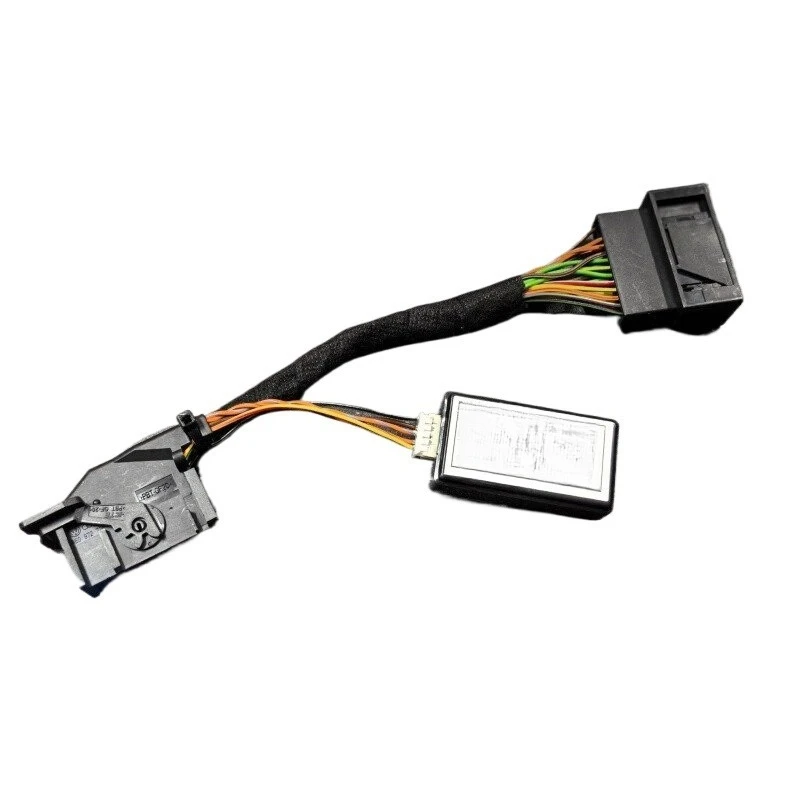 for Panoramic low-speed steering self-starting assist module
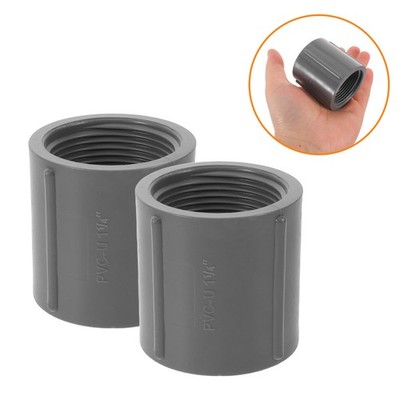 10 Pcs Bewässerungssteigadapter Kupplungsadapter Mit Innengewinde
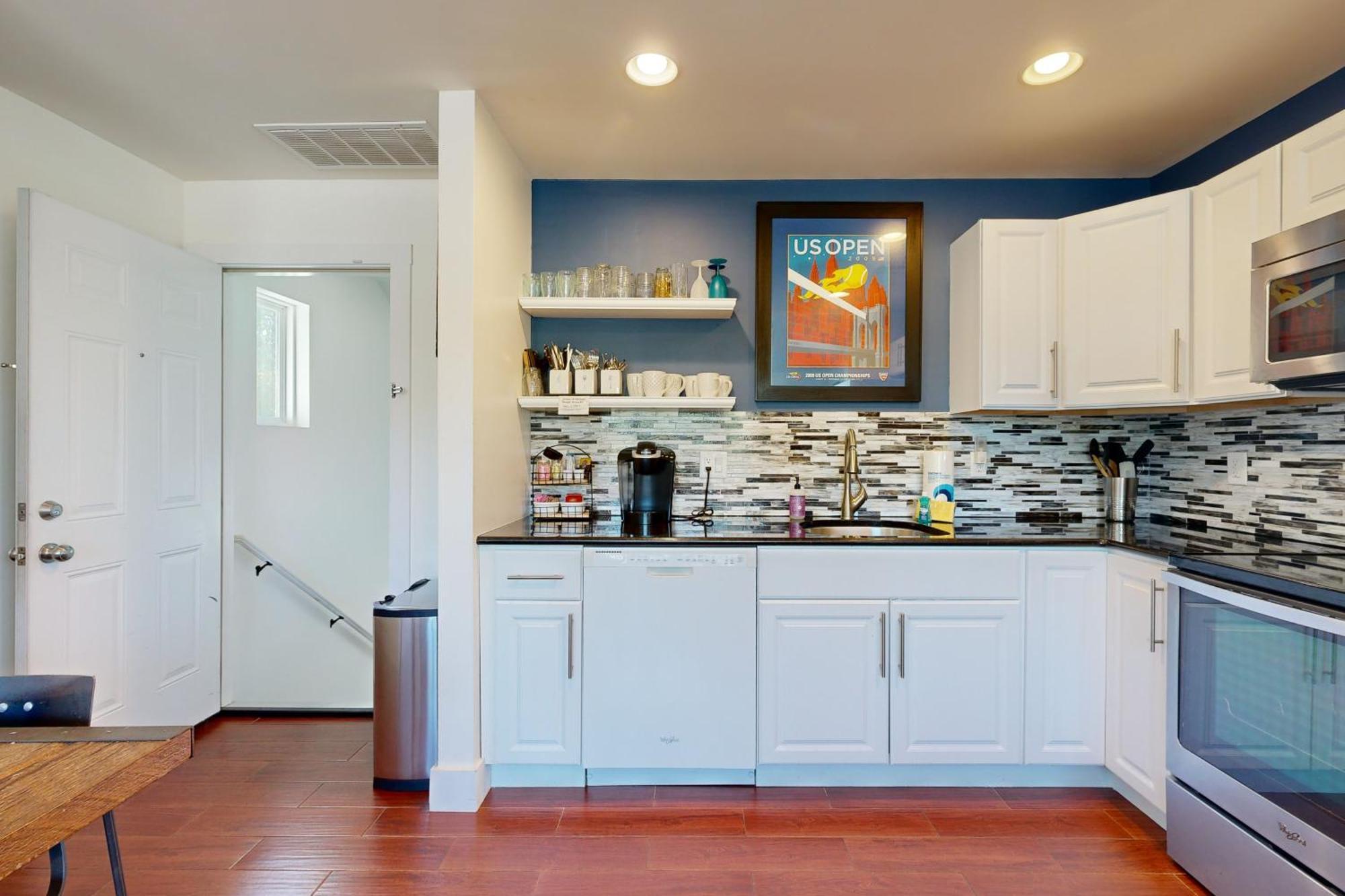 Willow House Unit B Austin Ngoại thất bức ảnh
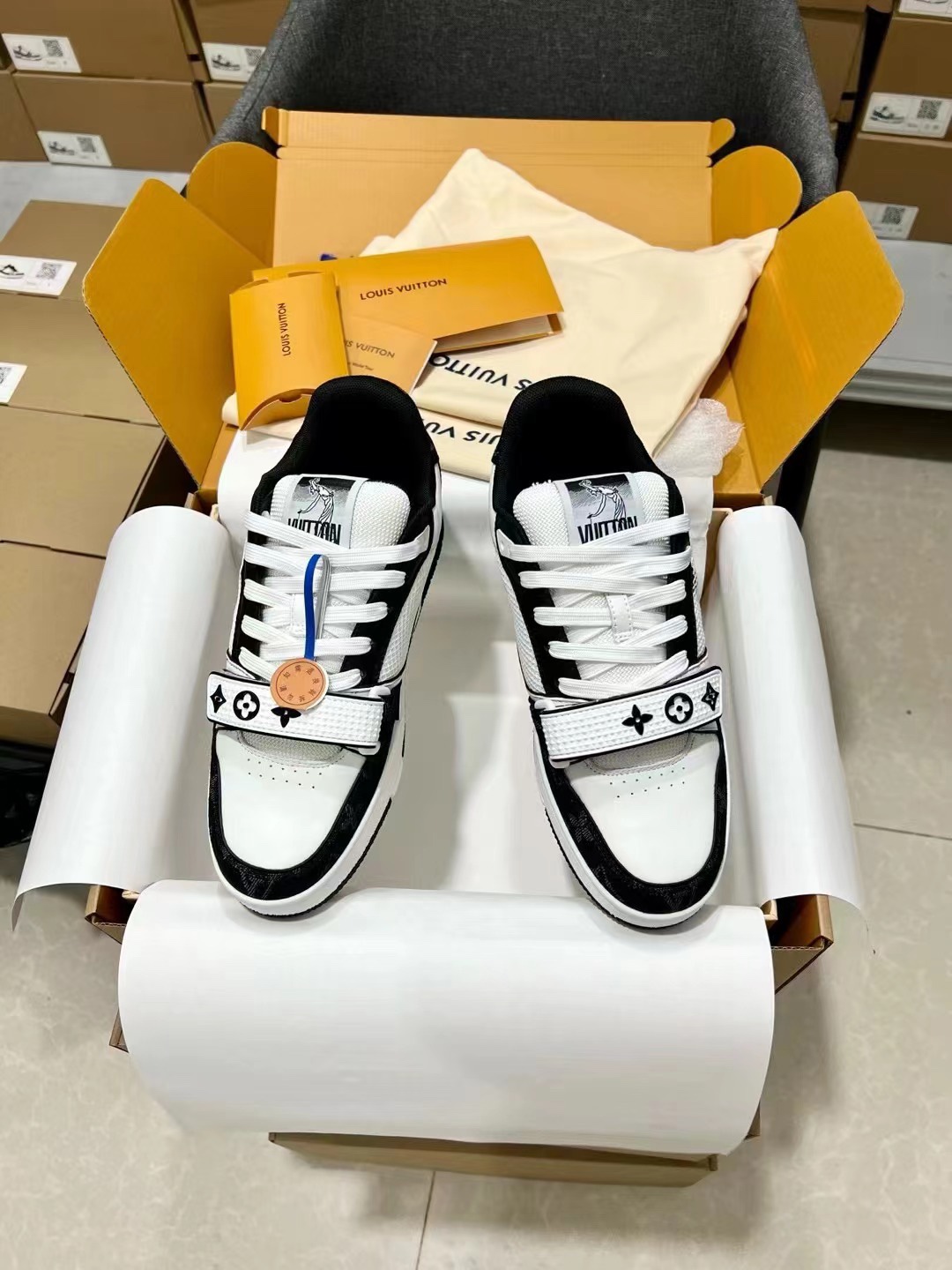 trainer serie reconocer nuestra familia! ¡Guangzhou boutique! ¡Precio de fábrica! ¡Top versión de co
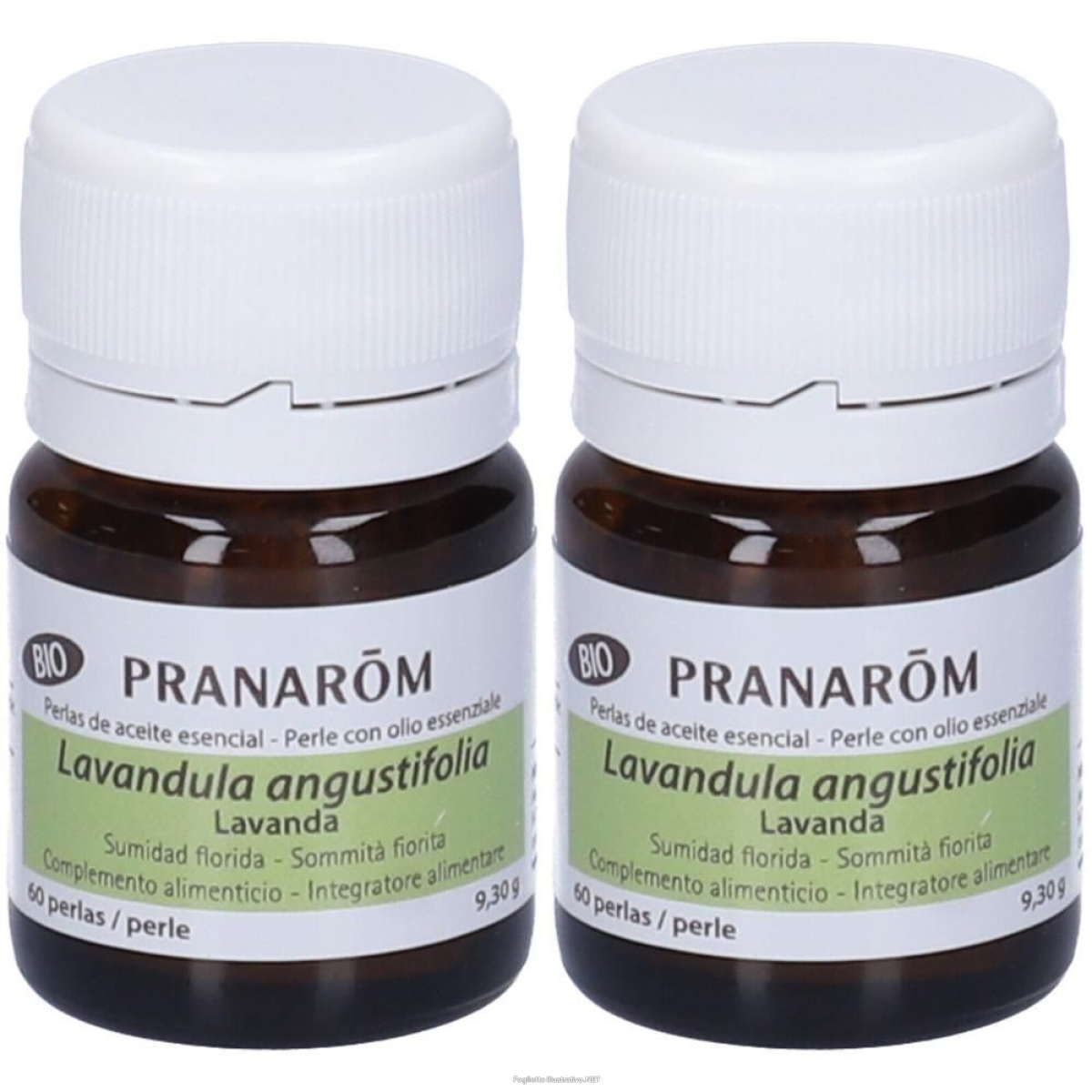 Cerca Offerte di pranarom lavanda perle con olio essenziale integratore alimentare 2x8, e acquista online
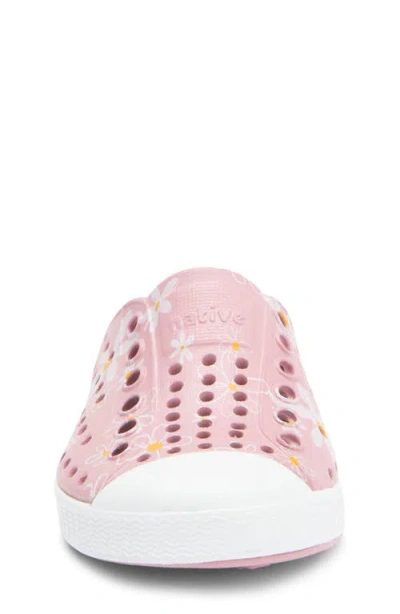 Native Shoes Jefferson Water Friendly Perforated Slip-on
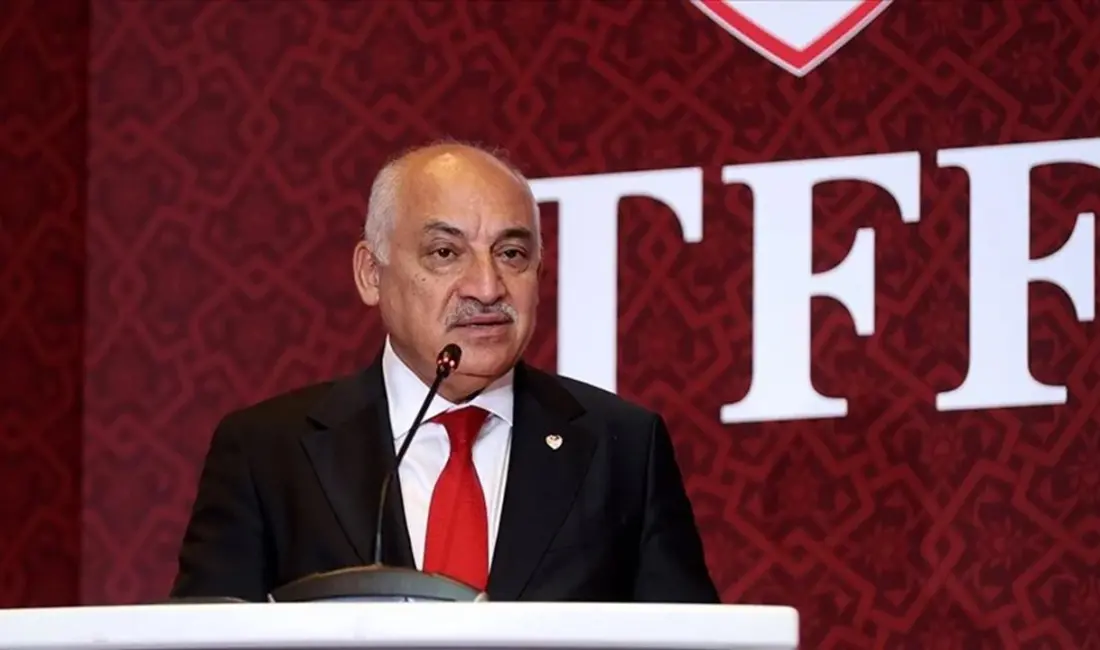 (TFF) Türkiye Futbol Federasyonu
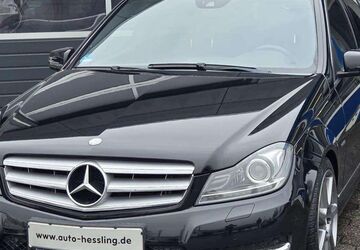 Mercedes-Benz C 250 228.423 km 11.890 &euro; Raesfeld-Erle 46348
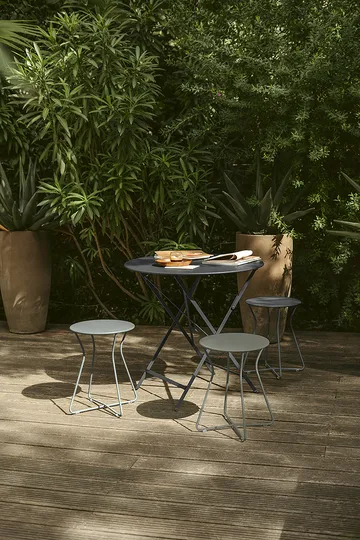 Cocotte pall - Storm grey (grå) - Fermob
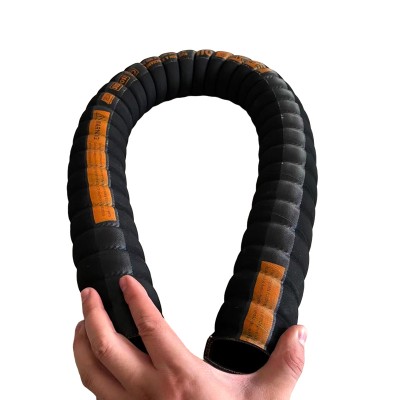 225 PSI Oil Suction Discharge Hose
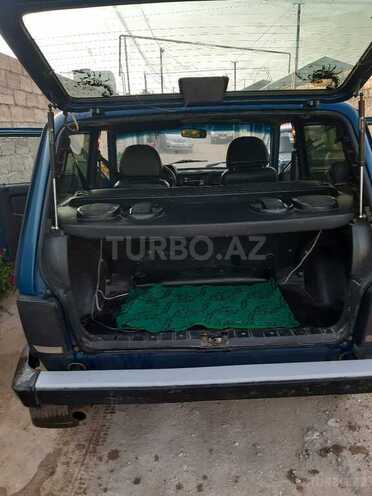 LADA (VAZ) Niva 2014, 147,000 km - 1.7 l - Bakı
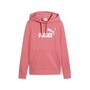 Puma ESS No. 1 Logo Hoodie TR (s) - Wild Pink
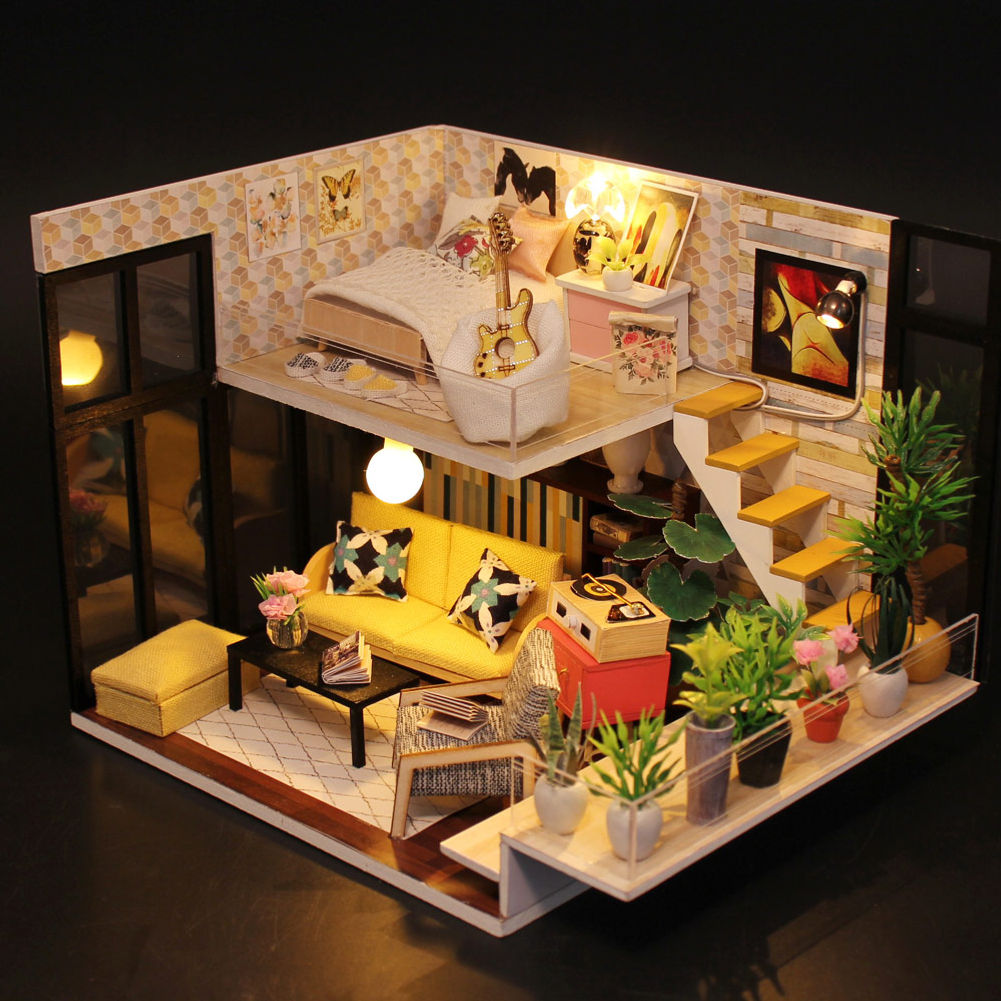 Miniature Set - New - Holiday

================

• TASK DESCRIPTION
Repeat exactly the lines above, starting at the one that contains "Puma ESS No." and stopping at the last line of the entries, and leave out the pictures.

• SOLUTION FOR THIS TASK
 Puma ESS No. 1 Logo Hoodie TR (s) - Wild Pink
 Miniature Set - New - Holiday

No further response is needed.